* **Data in this exercise**:

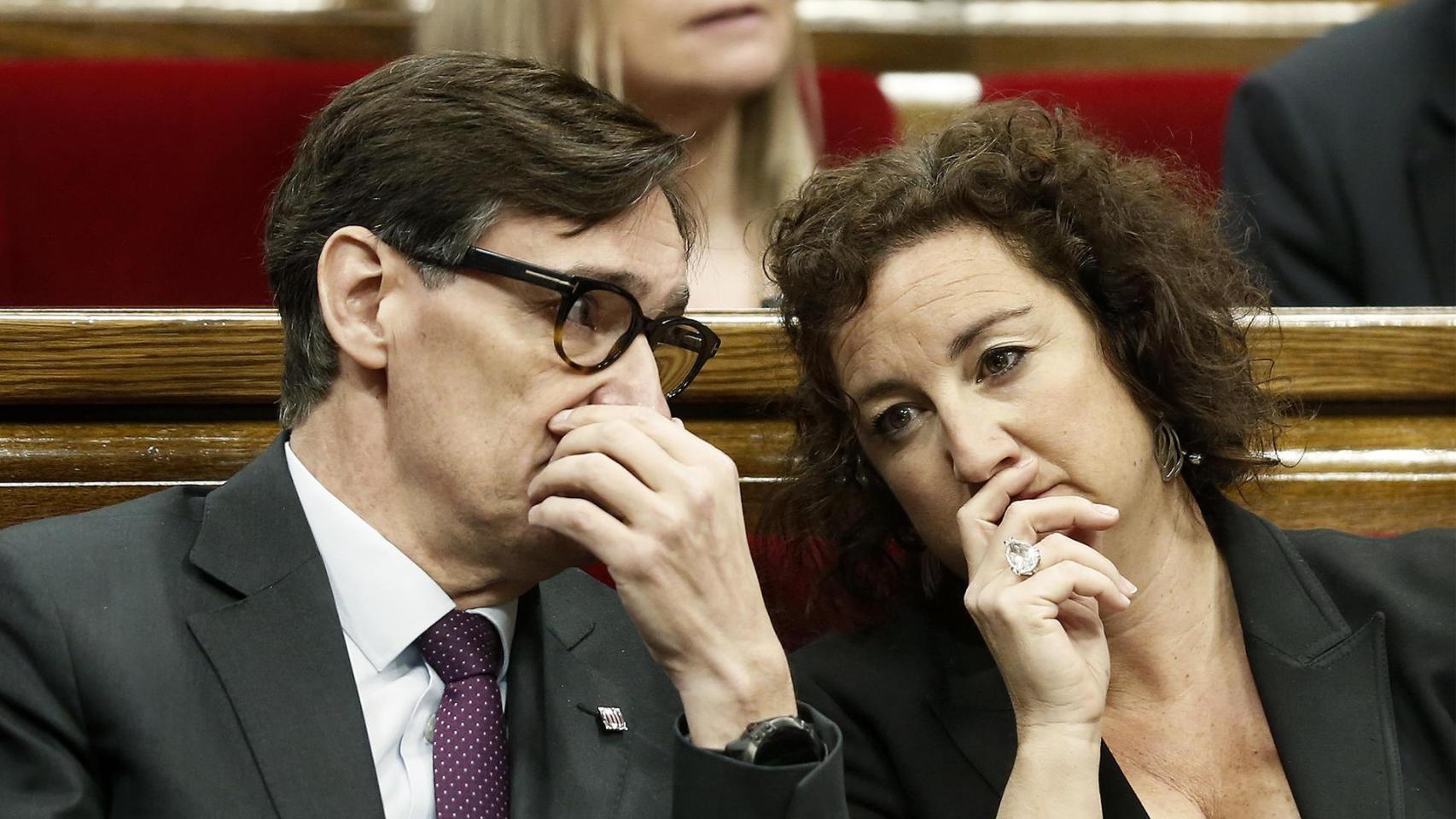 Salvador Illa y Alicia Romero, en el pleno del Parlament. EFE/Andreu Dalmau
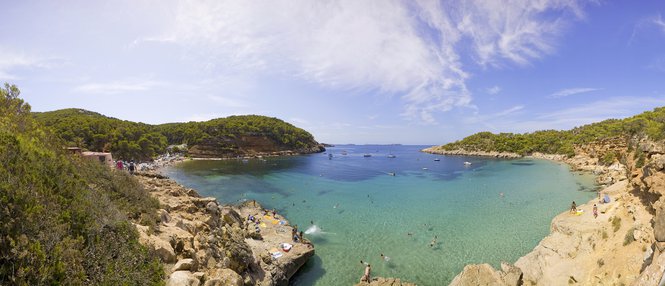 Discover Ibiza</br> from the sea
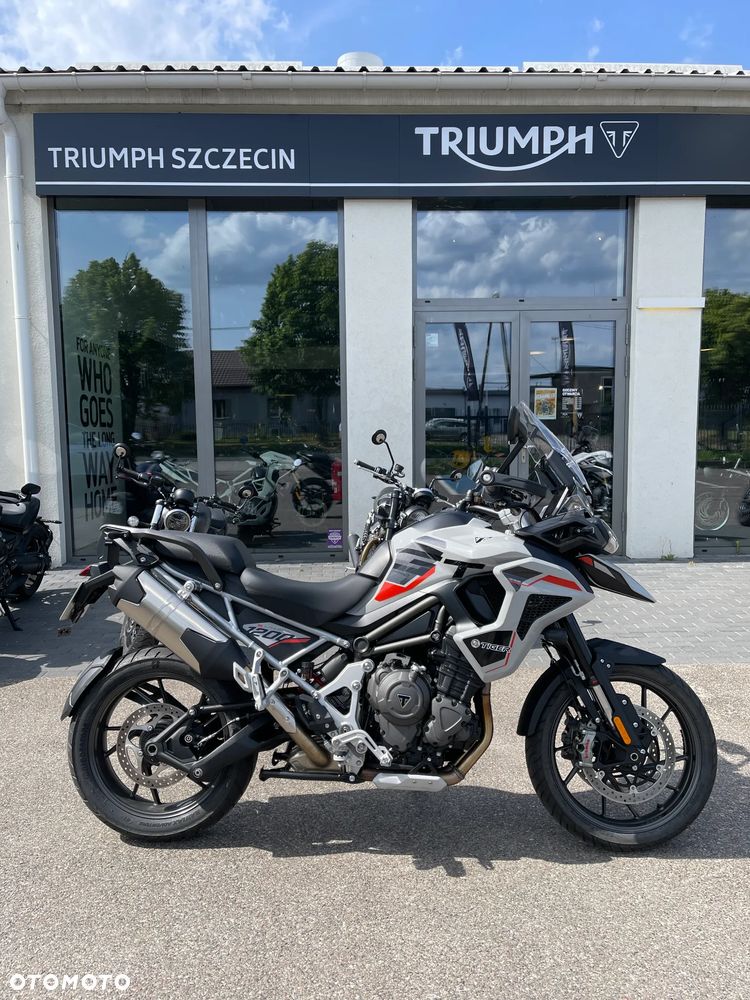Triumph Tiger - 2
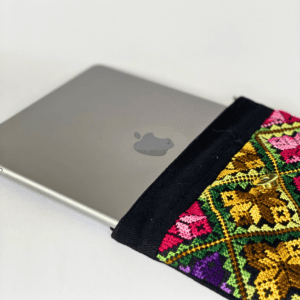 Håndbroderet iPad taske fra Betlehem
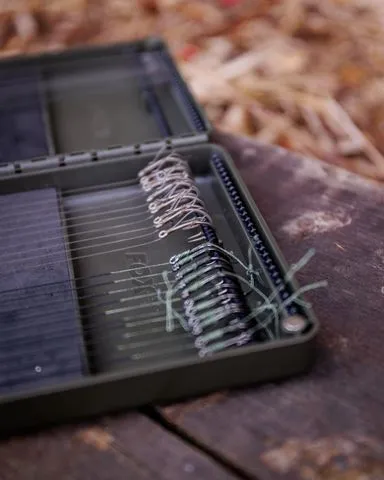 Fox Edges Rig Box Medium 2 Compartments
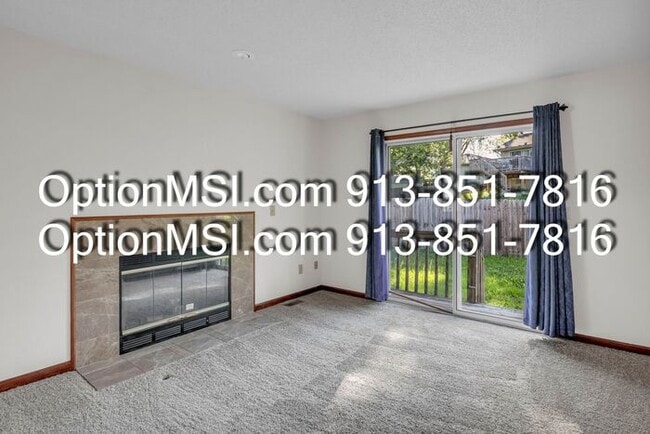Building Photo - Spacious Townhome!
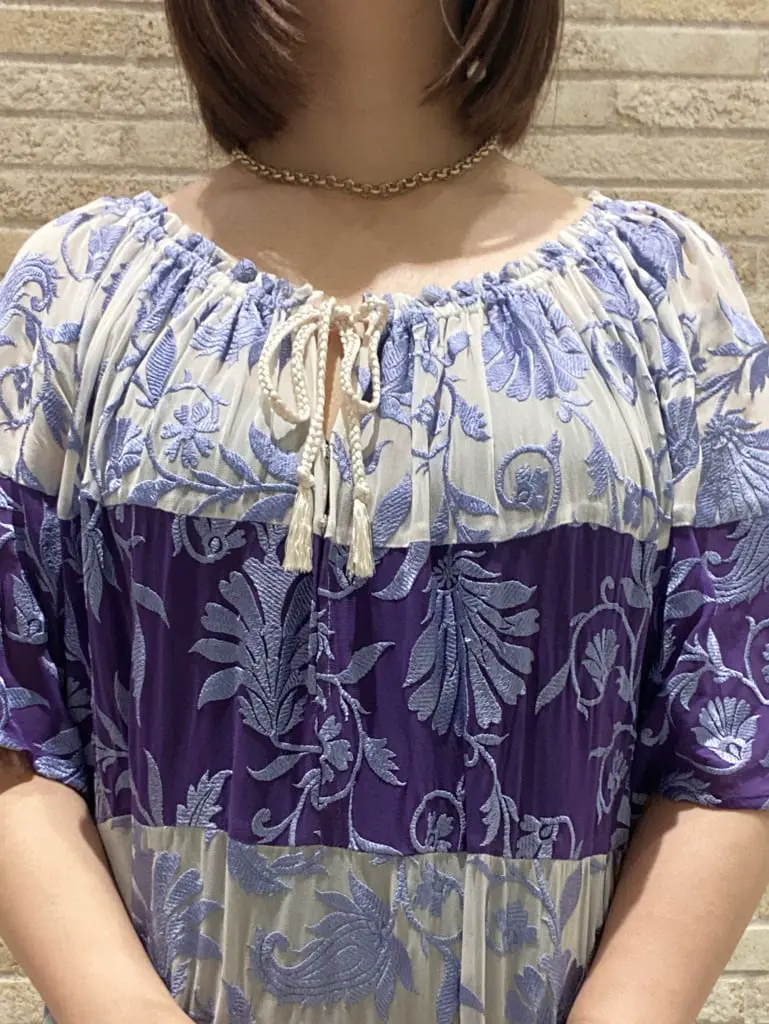 GRACE CONTINENTAL MOMOKO コーディネート画像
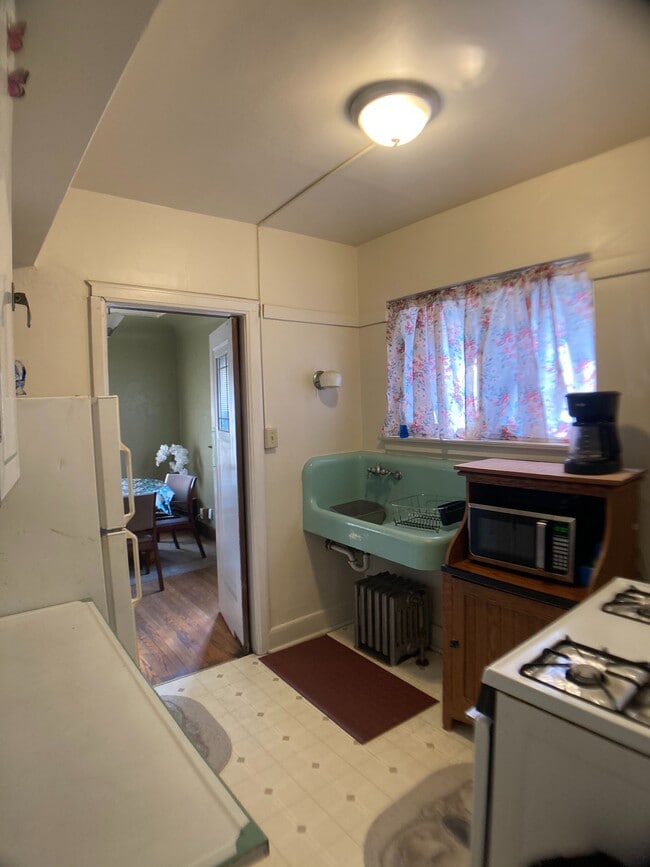 1428 E Capitol Drive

* **Aim of the exercise**: The task requires that every line above be transcribed exactly, without the images.

* **Result**:
 Salvador Illa y Alicia Romero, en el pleno del Parlament. EFE/Andreu Dalmau
 Discover Ibiza</br> from the sea
Triumph Tiger - 2
 Håndbroderet iPad taske fra Betlehem
 Fox Edges Rig Box Medium 2 Compartments
Building Photo - Spacious Townhome!
 GRACE CONTINENTAL MOMOKO コーディネート画像
 1428 E Capitol Drive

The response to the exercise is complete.